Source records
------------------------------------------------------------------------

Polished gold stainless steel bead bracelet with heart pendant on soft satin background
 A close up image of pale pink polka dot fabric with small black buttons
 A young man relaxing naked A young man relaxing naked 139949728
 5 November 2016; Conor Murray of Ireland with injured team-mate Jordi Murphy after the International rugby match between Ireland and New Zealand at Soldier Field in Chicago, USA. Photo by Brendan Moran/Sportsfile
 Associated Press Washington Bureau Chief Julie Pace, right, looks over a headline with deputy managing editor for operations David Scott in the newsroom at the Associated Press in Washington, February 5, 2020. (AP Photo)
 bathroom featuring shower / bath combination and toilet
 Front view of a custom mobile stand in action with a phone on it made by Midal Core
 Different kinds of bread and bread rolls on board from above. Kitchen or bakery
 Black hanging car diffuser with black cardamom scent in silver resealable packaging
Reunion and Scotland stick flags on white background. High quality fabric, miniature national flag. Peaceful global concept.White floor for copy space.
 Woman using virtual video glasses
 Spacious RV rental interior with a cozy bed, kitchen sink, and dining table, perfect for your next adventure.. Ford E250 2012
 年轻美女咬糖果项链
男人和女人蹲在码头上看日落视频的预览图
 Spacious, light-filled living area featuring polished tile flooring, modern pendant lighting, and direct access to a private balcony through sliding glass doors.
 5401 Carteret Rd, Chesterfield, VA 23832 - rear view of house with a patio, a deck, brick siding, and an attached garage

------------------------------------------------------------------------

GOAL OF THE EXERCISE >>
An exact copy of the lines from the one containing "Front view of" through the end of the data above is the whole answer.

SOLVED PROBLEM >>
 Front view of a custom mobile stand in action with a phone on it made by Midal Core
 Different kinds of bread and bread rolls on board from above. Kitchen or bakery
 Black hanging car diffuser with black cardamom scent in silver resealable packaging
Reunion and Scotland stick flags on white background. High quality fabric, miniature national flag. Peaceful global concept.White floor for copy space.
 Woman using virtual video glasses
 Spacious RV rental interior with a cozy bed, kitchen sink, and dining table, perfect for your next adventure.. Ford E250 2012
 年轻美女咬糖果项链
男人和女人蹲在码头上看日落视频的预览图
 Spacious, light-filled living area featuring polished tile flooring, modern pendant lighting, and direct access to a private balcony through sliding glass doors.
 5401 Carteret Rd, Chesterfield, VA 23832 - rear view of house with a patio, a deck, brick siding, and an attached garage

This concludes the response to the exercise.